Whatever your views on that subject, what is becoming increasingly clear is that the structural changes in retail habits are creating opportunities elsewhere in the property market. Investor appetite for good covenants in the retail and leisure market is strong at present, but it's worth taking a moment to look at the gathering momentum in the industrial sector.
Lambert Smith Hampton's recent update for the Second Quarter of 2017 on Distribution Warehouses reports that rolling average transaction yields for industrial property was lower in Q2 than for retail for the first time ever (5.8% vs 6.09%). Knight Frank's Logistics & Industrial commentary for H1 flags capital growth at an annual rate of 6.2%, with annual rental growth of 3.8% in June 2017, well ahead of inflation; so we are seeing both yield compression and rental growth that is well ahead of inflation -- all that against a backdrop of Brexit that has seen occupier take up down by 15% on the previous 6 months.
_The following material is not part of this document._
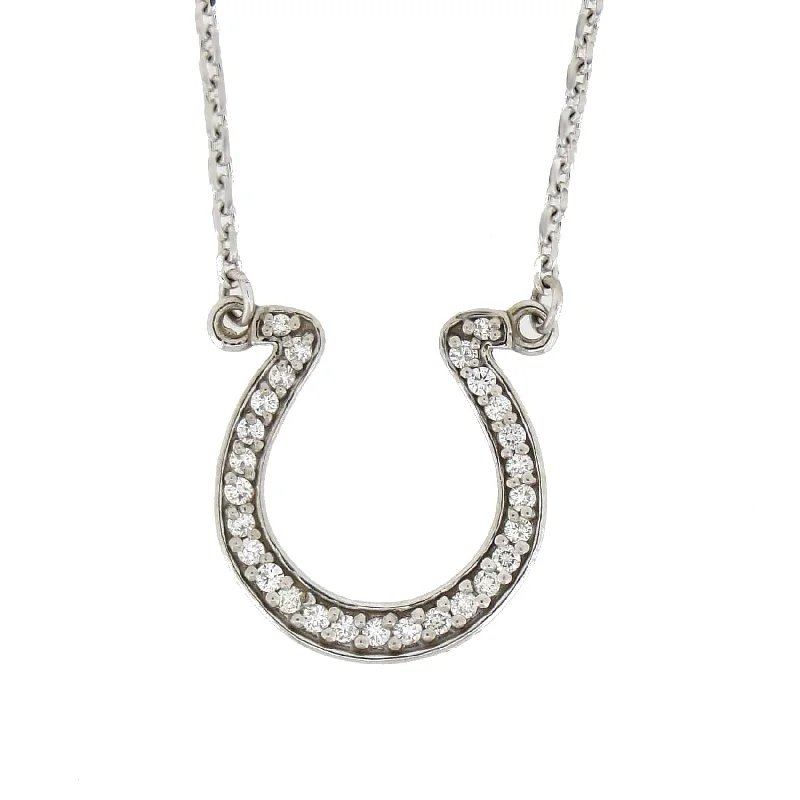 Deer charm necklaces-Diamond Horseshoe Necklace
The driver behind this is clear -- overall growth in demand for distribution centres to accommodate the rapid increase in on-line shopping, coupled with a real shortage of new development. The demand is not just at the larger end of the scale, however -- as consumers have become more demanding, on-line retailers have been pushed to meet ever more challenging delivery requirements causing pressure on retailers to create both regional distribution hubs as well as an effective network of smaller centres to fulfil "last mile" delivery to consumers' front doors.